We all know someone who’s been to Koh Tao. The Thai island is one of South East Asia’s most beautiful, most popular tourist hotspots. Stunning beaches, clear blue water, plenty of bars – the perfect antidote to overcast Britain.
And that’s why the 2014 murders of backpackers Hannah Witheridge and David Miller seem all the more shocking in a place gorgeous enough for a Lonely Planet cover. Their brutally injured bodies were found on 15 September, with a bloodstained garden hoe nearby.
The police quickly arrested two men from the island’s Burmese migrant community and charged them with rape and murder. If found guilty, they would be sent to death row.
Channel 4’s Murder in Paradise looks into the circumstances of Hannah and David’s deaths, the controversy surrounding the investigation and the cases of other backpackers who have died on the island. The hour-long documentary leaves you with the sense that there could be something deeply suspicious about these deaths – and the way they’ve been handled by the Thai police.
Because while there is no doubt that David and Hannah were murdered, there is doubt from human rights workers and certain DNA experts about who committed the crime. From the start, the investigation was plagued by allegations of corruption, ineptitude and violence.
18 days after two 22-year-old Burmese migrant workers, Zaw Lin and Wai Phyo, were arrested, they withdrew their confessions to the murders and alleged that they had been tortured into saying they’d done it.
The heritage of the men is important; the film contends that there is exploitation of the Burmese community on the island, who work predominantly in manual labour jobs with few rights. Were Zaw Lin and Wai Phyo simply scapegoats for the Thai mafia?

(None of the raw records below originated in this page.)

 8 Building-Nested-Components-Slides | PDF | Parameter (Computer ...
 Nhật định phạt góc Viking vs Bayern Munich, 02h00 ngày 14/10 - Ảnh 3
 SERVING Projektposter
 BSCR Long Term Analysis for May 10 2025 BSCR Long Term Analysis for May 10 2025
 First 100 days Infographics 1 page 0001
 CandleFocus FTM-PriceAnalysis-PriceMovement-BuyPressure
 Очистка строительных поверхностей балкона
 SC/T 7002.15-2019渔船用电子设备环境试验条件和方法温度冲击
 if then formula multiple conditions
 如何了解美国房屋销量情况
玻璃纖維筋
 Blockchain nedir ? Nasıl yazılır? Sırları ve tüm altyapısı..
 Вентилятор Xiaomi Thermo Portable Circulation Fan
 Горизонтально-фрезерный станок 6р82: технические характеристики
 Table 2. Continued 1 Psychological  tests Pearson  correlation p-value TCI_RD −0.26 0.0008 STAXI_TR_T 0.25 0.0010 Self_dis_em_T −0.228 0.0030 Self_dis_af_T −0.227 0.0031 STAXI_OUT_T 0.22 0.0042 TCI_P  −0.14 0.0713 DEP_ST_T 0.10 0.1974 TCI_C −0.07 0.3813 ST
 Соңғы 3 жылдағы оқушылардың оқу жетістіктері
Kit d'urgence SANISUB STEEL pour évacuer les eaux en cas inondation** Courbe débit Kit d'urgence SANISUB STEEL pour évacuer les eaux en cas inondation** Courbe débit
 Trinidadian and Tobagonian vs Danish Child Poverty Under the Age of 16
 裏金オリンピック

Following the conviction, a Thai police spokesman Dejnarong Suthicharnbancha defended its investigation into the murders, saying “I would like to reassure that the investigation process of police was transparent and of a standard that is acceptable.”
With rare footage of Zaw Lin and Wai Phyo in custody, plus undercover interviews with the duo in prison, the film uncovers a truly fascinating, desperately sad story. In the way that Making a Murderer leaves you unbelievably frustrated about the justice system, Murder in Paradise raises similar worries. Especially when it comes to sentencing someone to death.
What makes the case even more unnerving is that the island is no stranger to tourist deaths, with backpacker Luke Miller (no relation to David) found dead in a swimming pool only this year.
His family said they had concerns over the investigation, as did the family of Christina Annesley who was said to have died of natural causes. In 2015 a French tourist, Dimitri Povse, was found hanged outside his bungalow, with his death ruled as a suicide.
And in 2014, the same year as Hannah and David died, Nick Pearson’s body was found by scuba divers in the sea after he disappeared following a night out with his family on New Year’s Eve. In the film, Nick’s family say they believed he was murdered.
“It’s a beautiful place,” says Nick’s brother, “but that’s all a front for the deeper, darker things that are going on. And we’ve found out the hard way.”
Whether some of these deaths are, as the Thai mayor tells Channel 4, down to tourists living too fast and hard while on holiday, or whether there’s something more sinister going on, the film can’t possibly conclude. David Miller’s brother Michael said after the conviction that “justice is what has been delivered” and that the Thai police had “conducted a methodical and thorough investigation”.
Whatever the truth, Murder in Paradise offers a revealing insight into a tiny tropical island shrouded in mystery.